Like many students, I came into Caltech with a vision in mind. I had planned to major in bioengineering, do research in a bioengineering lab, and then eventually apply for medical school during my senior year. While some people manage to follow their four-year plans, I definitely did not. Within three weeks of my first term, I had decided to completely change my initial plans, from bioengineering to chemistry. The chemistry research interested me more, but a not-so-insignificant part of this decision was a desire to do less math. Ma1a was intimidating, what can I say?
Still, I was interested in biology so I decided that I would pursue the newly created biology minor. At the time, it required two more elective classes than it currently does, so it kept me relatively busy as I juggled my chemistry major, working in a lab, and squeezing in biology classes. But somehow along the way, I noticed myself taking a lot of history courses. At first, I figured I would just take these classes to fulfill the HSS requirements, but with each term’s course registration, I would find classes that caught my eye.
Before I knew it, I had decided to aim toward a history minor. The requirement was to take 11 history courses, which I was well on my way towards, and I figured I might as well keep going as long as there were interesting classes for me to take. The great thing about the Caltech history department is, there are always interesting classes, so it wasn’t really a concern for me. During my first term of my junior year, I ended up taking two chemistry classes, one biochemistry class for my biology minor, and two history classes. Little would I know, this distribution of classes would reflect the options that I would declare. Maybe the fact that I was taking more history than biology courses should have been a sign?
As I kept taking history courses through my junior year, which was unfortunately virtual due to COVID, I kept circling back to the possibility of writing a thesis in history. I would probably spend a good portion of the rest of my life doing chemistry, but I had a somewhat more limited window of opportunity to do history research, at least assuming I continue in the direction that I had intended, which was a chemistry Ph.D (spoiler, I’m now committed for chemistry grad school, so yes, I am continuing in that direction). I meant to just talk about what a thesis looked like with a professor, and somehow, over the course of the conversation, I found myself discussing what thesis topics I might want to work on and what I would have to do in order to declare the second option.
So, there I was, a third term junior, just deciding to do a second major. When I was a sophomore, I had been told that most people who do a second option had to have decided by the middle of their sophomore year in order to do both options and still graduate in time, but the fact that I had been aiming for a history minor already, and the lower number of required courses in HSS majors helped a lot.
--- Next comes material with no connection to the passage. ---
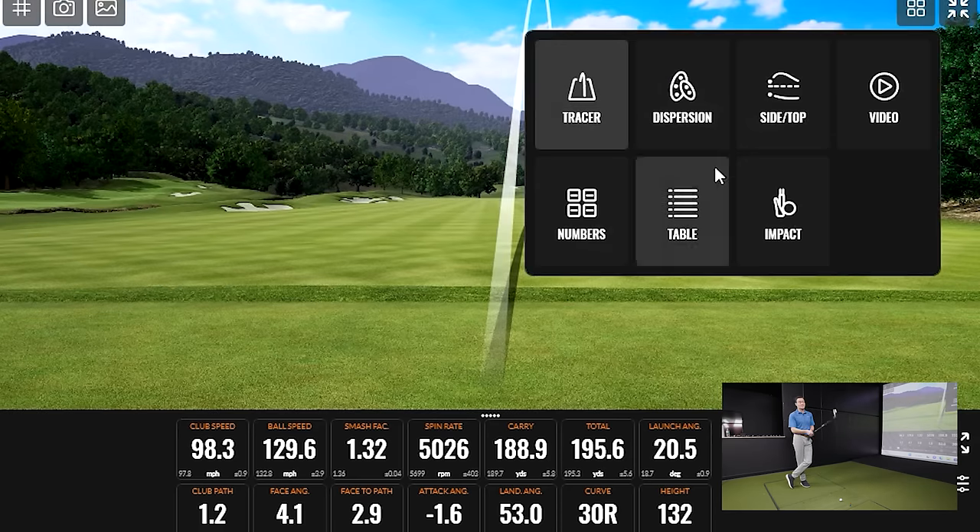Now the ZX7 Mark II — the most demanding iron. At address: very solid looking, pretty comparable to the ZX5, maybe a slightly more compact frame. That's notable because the previous generation got a lot of comments on how similar the ZX5 and ZX7 looked. That's actually important since Srixon is going for the combo set option — putting ZX4 to ZX5, or ZX5 to ZX7 together. It's a big plus that they've nailed that consistent appearance for golfers who want to play a combo set.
During admissions panels, I’ve been asked if I would recommend doing a double major. My best answer is: only if you’re already doing well in your first major. If you find yourself with a decent amount of free time, think that you can juggle the extra classes, and most importantly, you’re actually interested in the courses required for that second major, I would go for it. But at the end of the day, the second option boils down to some extra words on a diploma, so I would only recommend it if the second major is something that seems really interesting. Caltech is hard enough as it is, without adding on any additional majors or minors. I keep on repeating this across posts, but the most important thing to try to keep in mind is to enjoy your time at school!